Si des marges de manoeuvre importantes sont laissées aux États membres pour transposer le RGPD, c'est bien pour adapter les dispositifs proposés à la complexité du sujet ainsi qu'à la sensibilité très forte des questions liées à l'accès aux données personnelles, notamment à des fins de sécurité publique ; c'est aussi pour permettre la prise en compte de cultures et d'histoires nationales différentes à l'intérieur de l'espace européen. Il convient toutefois de prendre garde à ne pas aboutir à l'inverse de ce que nous recherchons, en créant des contraintes et des freins inutiles, qui pénaliseraient nos entreprises, entreprises qui se sont déjà largement mobilisées pour se mettre en conformité avec le RGPD et attendent avant tout de notre part de la lisibilité. Ce nouveau règlement les responsabilise – c'est le changement de paradigme dont il a déjà été question. Il reviendra aux entreprises de démontrer qu'elles ont pris toutes les précautions nécessaires, mis en oeuvre tous les dispositifs prévus pour garantir le respect des données personnelles.
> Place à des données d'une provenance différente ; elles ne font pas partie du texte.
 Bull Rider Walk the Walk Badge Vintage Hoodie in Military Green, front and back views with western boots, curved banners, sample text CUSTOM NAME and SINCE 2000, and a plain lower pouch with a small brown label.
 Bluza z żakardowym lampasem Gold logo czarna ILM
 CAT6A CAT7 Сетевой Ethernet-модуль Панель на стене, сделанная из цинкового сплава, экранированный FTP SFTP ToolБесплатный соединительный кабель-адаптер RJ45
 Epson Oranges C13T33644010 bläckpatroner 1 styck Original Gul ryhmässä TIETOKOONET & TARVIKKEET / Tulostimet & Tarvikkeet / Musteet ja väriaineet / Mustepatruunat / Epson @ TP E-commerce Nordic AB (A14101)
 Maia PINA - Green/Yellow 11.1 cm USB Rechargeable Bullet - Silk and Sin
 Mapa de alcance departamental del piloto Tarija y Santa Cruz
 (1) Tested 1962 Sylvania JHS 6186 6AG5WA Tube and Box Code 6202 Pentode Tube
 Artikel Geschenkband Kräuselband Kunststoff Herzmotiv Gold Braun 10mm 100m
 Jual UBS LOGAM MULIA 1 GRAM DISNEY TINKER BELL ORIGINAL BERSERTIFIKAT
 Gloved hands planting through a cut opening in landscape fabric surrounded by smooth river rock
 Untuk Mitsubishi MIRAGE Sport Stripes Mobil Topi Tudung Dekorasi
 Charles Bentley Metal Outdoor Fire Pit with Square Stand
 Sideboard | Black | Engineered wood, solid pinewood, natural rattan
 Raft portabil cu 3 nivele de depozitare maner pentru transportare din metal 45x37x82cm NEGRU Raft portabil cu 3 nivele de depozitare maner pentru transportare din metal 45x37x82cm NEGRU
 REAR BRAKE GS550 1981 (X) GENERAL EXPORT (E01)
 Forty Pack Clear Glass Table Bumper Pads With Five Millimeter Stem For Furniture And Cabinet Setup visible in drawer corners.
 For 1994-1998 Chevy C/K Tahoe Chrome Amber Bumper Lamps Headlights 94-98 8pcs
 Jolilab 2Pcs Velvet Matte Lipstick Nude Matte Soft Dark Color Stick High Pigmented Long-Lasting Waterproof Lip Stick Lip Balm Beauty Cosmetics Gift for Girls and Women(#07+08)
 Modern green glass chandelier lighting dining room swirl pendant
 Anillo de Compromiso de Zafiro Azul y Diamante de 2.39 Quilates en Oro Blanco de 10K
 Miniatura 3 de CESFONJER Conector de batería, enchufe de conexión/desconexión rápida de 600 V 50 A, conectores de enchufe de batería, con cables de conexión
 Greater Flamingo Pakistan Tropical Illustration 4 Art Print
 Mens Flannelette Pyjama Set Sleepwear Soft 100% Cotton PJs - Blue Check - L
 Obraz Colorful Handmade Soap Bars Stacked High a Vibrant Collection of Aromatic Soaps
La fin du système déclaratif doit permettre une approche plus dynamique de cette matière sensible.
Il nous faut envisager l'avenir avec optimisme, mais aussi faire preuve de pédagogie. La CNIL s'y emploie, de même que beaucoup d'autres organismes et cénacles. Nous devons être particulièrement attentifs à cela. C'est pourquoi nous avons, avec plusieurs collègues, déposé des amendements visant à encourager la médiation d'entreprise, plutôt que la sanction immédiate, de manière à renforcer l'accompagnement.
Pour terminer, je veux insister sur la difficulté avec laquelle a été atteint cet équilibre. Il s'agit, je le répète, d'un compromis européen inespéré, délicat, intéressant, entre, d'un côté, les libertés individuelles et le droit des individus et, de l'autre côté, les intérêts économiques. Afin de conserver cet équilibre européen difficilement atteint, il nous faut éviter tout retour à une fragmentation juridique européenne, à tout ce qui pourrait créer de l'instabilité, du morcellement, à tout ce qui aurait l'effet inverse de celui recherché.
À mon sens, le RPGD n'est pas qu'un ensemble de contraintes réglementaires, c'est aussi une occasion ; il peut constituer un levier de croissance pour nos entreprises, même s'il y a beaucoup d'investissements et de recrutements à opérer dans les années à venir, notamment au sein des petites et moyennes entreprises françaises.